• DATASET SECTION:
>>>>

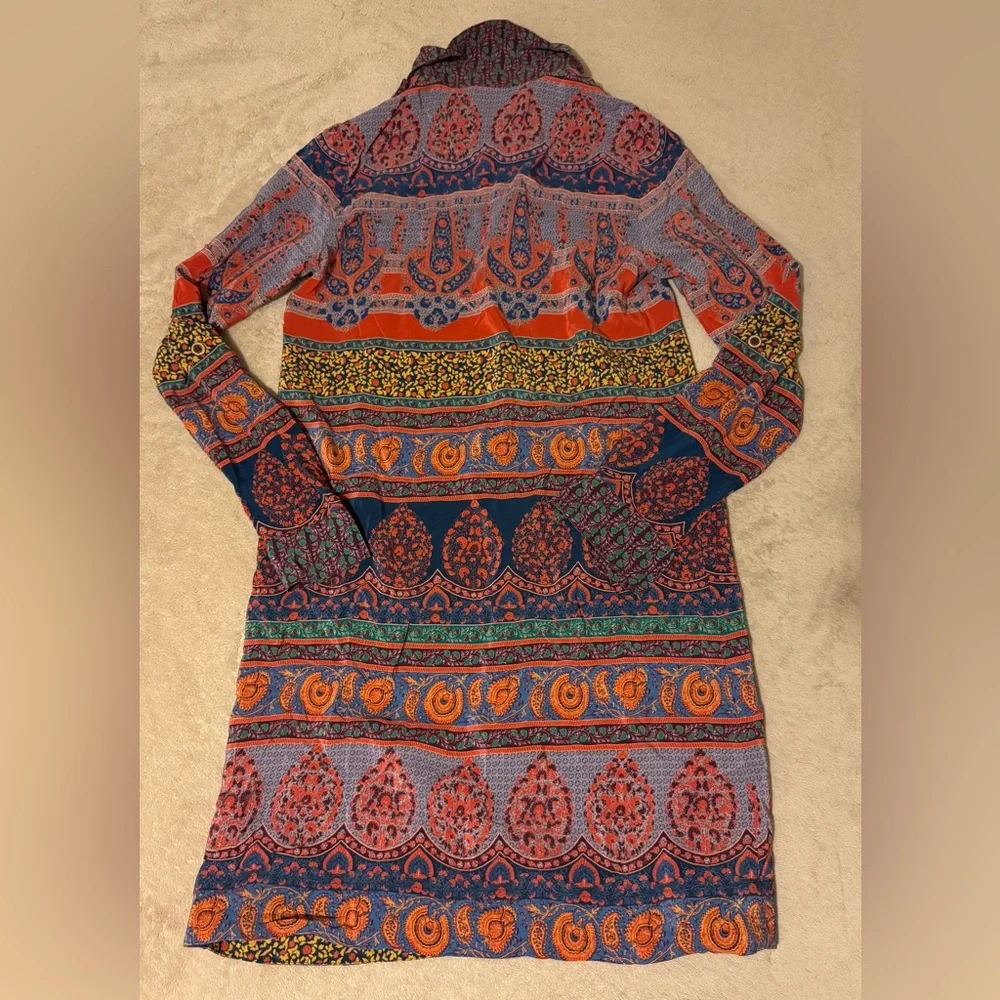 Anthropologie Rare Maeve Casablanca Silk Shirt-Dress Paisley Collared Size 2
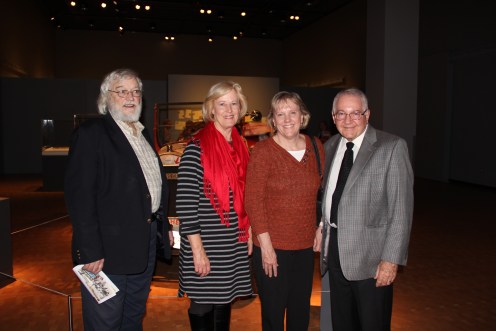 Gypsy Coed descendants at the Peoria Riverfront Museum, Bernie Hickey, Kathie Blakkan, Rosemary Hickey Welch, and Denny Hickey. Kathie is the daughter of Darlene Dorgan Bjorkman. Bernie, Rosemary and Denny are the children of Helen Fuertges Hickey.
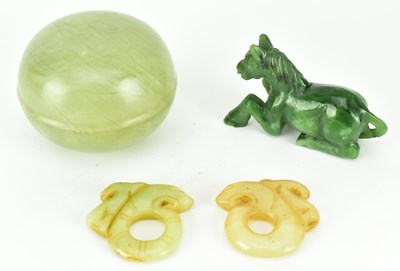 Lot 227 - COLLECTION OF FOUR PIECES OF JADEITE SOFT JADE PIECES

<<<<

• WHAT THE TASK ASKS:
The required answer is the material repeated exactly, with no images in it.

• RESPONSE:
 Anthropologie Rare Maeve Casablanca Silk Shirt-Dress Paisley Collared Size 2
 Gypsy Coed descendants at the Peoria Riverfront Museum, Bernie Hickey, Kathie Blakkan, Rosemary Hickey Welch, and Denny Hickey. Kathie is the daughter of Darlene Dorgan Bjorkman. Bernie, Rosemary and Denny are the children of Helen Fuertges Hickey.
 Lot 227 - COLLECTION OF FOUR PIECES OF JADEITE SOFT JADE PIECES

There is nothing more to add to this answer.